*** Input data Section Begins ***

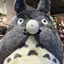 ここのプロフィール画像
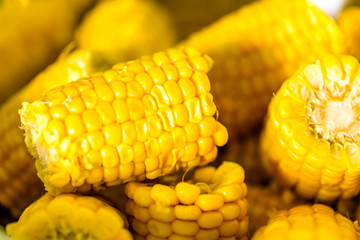 Corn on the cob in a bowl cooked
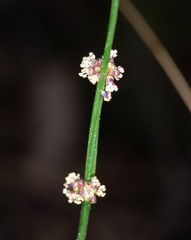 Amperea xiphoclada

*** Input data Section Ends ***

Transcribe the preceding listing in its entirety and with exact wording, leaving out pictures.

Reply:
 ここのプロフィール画像
 Corn on the cob in a bowl cooked
 Amperea xiphoclada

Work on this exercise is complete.